## Floating point design help needed

24 posts / 0 new
Author
Message

Hello,

I need some help for designing a software.

Equation:

a = (1200*x/r) * ( (1+(r/1200))^m - 1)

Desired range of Values :
a = 0 to 5,00,00,000
x = 0 to 1,00,000
m = 0 to 1200
r = 0 to 50

OR need to knw what max values I can get.

Processor : 8 bit
Float size : 32 bit
Precision : 15 digits (similar to excel)
Preference : Lesser code size over time for calc.

Use Cases:
I. Enter a, m & r. Get x.
II. Enter x, m, & r. Get a.

Can it be done with 32-bits or I will need 64-bit lib?

:)

Last Edited: Mon. Feb 27, 2012 - 08:19 AM

Quote:
a = 0 to 5,00,00,000
x = 0 to 1,00,000

Do you mean these groups of two zeroes to be three?

(As in 5,000,000,000 and 1,000,000)

Chuck Baird

"I wish I were dumber so I could be more certain about my opinions. It looks fun." -- Scott Adams

http://www.cbaird.org

Nope. In India, we write 50000000 as 5,00,00,000
:)

It's probably good to have that clarified before this discussion goes too much further.

Chuck Baird

"I wish I were dumber so I could be more certain about my opinions. It looks fun." -- Scott Adams

http://www.cbaird.org

yes, right

Quote:
Lemme knw if I m missing some info

You're missing some characters - "Let me know if I am missing some info." Another Indian ideosyncracy?

For floating point - have you looked at your compiler's specifications?

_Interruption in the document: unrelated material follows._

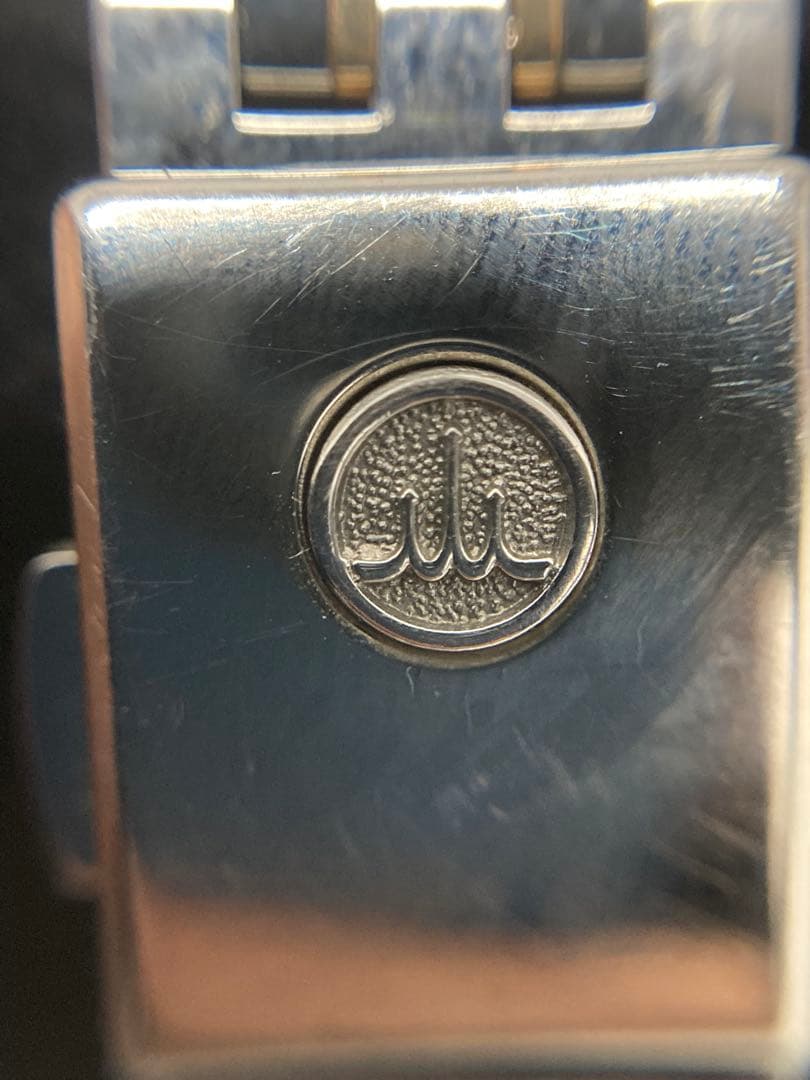 SEIKO CREDOR スクエアフェイス 時計7/31まで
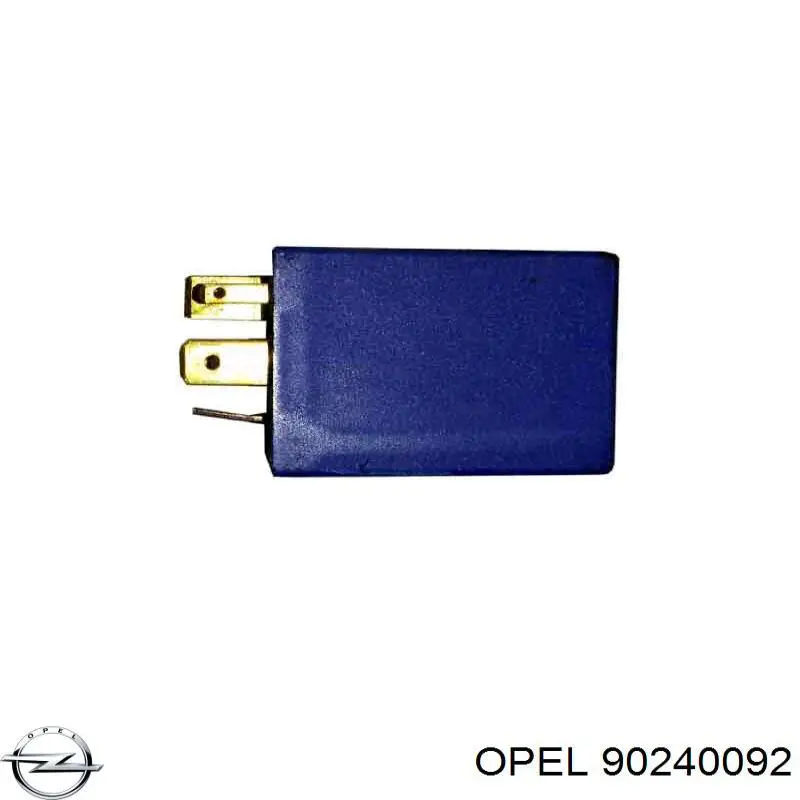 Relê de controlo de limpador pára-brisas Opel 90240092 preço, a partir de 23,31 USD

Which compiler are you going to use? At a guess, you're going to need 64 bit floats for 15 digits of precision - note that this is not decimal places. This may determine your choice of compiler.

Quote:
Float size : 32 bit
Precision : 15 decimal places (similar to excel)
Sorry, but 32 bit floating point is not 15 decimal places, it is only about 7. You need 64 bit floating point to get 15 places.

Regards,
Steve A.

The Board helps those that help themselves.

Koshchi,
Thnx. I updated my initial post with 15 digits.

I need to make a generic library which I can use with AVR & 8051. Hence I had mentioned
Processor : 8 bit
Float size : 32 bit

any 64 bit libs I can use?

For 15 digits you need implementation of double (64 bits), not single floating point (32 bits). For GCC you can find it in the last message here:
https://www.avrfreaks.net/index.p...
It is very slow, so if speed is in concern, you might opt for fixed point math (but for your needs you have to do some customizations). Just read my messages in that thread and here:
https://www.avrfreaks.net/index.p...

Quote:
you might opt for fixed point math (but for your needs you have to do some customizations)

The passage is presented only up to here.